Protein intake and bone health: a systematic review and meta-analysis

These effects suggest that dietary protein may have a beneficial effect on BMD.

And no loss of bone mass here either. Essentially, when considering all the studies, there is no evidence of loss, but some of slight gain.

Other, relevant info…

Supplementing rats diets with fish peptides improved their bone density

Fish oil improves BMD in mice

Fish improves bone density in Astronauts,

Dietary protein supplementation increases peak bone mass acquisition in energy-restricted growing rats.

Ratio of potassium to protein affects bone loss

Potassium, magnesium, and fruit and vegetable intakes are associated with greater bone mineral density in elderly men and women

Potassium Citrate Boosts Bone Density in the Elderly

The effects of high potassium consumption on bone mineral density in a prospective cohort study of elderly postmenopausal women.

Magnesium improves bone density.

So, from spending a couple of days searching through the studies, I can tell you that animal protein in the diet has most likely a slight positive effect, there’s nothing that suggests fish has anything but a positive effect, and that if any animal protein has a poor effect it is going to be red meat, and only if you eat a lot of it. I also tracked down three meta studies of dairy consumption (combined studies of all the previous studies) and the overwhelming conclusion was that diary has a slight to zero improvement on bone mass, not at all a loss, as is so often claimed.

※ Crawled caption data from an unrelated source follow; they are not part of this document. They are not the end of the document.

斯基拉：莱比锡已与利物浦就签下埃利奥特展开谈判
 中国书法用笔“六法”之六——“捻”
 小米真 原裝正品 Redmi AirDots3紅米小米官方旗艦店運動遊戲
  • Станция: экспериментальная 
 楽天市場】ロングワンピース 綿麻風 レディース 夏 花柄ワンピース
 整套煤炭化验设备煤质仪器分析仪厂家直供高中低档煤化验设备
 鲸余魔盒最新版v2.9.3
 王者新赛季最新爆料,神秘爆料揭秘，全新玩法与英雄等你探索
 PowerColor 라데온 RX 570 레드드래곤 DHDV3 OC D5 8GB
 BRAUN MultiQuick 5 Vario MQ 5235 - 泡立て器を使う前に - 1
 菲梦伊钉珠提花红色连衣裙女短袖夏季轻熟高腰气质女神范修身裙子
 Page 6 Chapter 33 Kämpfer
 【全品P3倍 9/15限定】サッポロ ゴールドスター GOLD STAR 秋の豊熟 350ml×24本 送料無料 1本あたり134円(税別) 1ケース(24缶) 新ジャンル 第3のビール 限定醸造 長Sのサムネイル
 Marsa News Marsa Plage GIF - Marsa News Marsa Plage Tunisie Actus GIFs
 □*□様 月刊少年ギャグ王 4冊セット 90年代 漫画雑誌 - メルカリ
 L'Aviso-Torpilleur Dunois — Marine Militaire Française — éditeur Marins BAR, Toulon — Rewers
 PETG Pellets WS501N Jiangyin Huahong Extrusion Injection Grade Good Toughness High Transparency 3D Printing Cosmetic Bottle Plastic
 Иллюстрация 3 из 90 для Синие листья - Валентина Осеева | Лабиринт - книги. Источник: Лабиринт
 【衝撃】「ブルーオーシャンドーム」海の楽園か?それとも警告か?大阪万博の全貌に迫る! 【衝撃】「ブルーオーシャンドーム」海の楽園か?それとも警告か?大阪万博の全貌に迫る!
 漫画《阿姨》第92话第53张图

Anyone concerned about their bone mass should… eat a healthy variety and amount of protein ( flesh, dairy or otherwise, but some fish in there is probably healthiest) and plenty of fruit and veg and nuts (for the potassium, calcium and magnesium). They should also get plenty of load bearing exercise,  but avoid alcohol, smoking and phosphoric acid laden soda drinks and salt (which are all associted with mineral loss). The overall healthier diets and lifestyle of vegetarians is the reason they have better health (excepting pescatarians), not the lack of flesh.

I’d like to add, the human diet for most of out evolutuionary existance has been over 2/3 animal flesh calories; paleolithic bones and the bones of contemporary hunter gatherers who eat mainly a flesh based diet are robust as hell. They need to be as hunters have to survive extremely violent impacts quite frequently when subduing their prey. The whole concept that the diet we evolved to eat makes us frail boned is against all logic.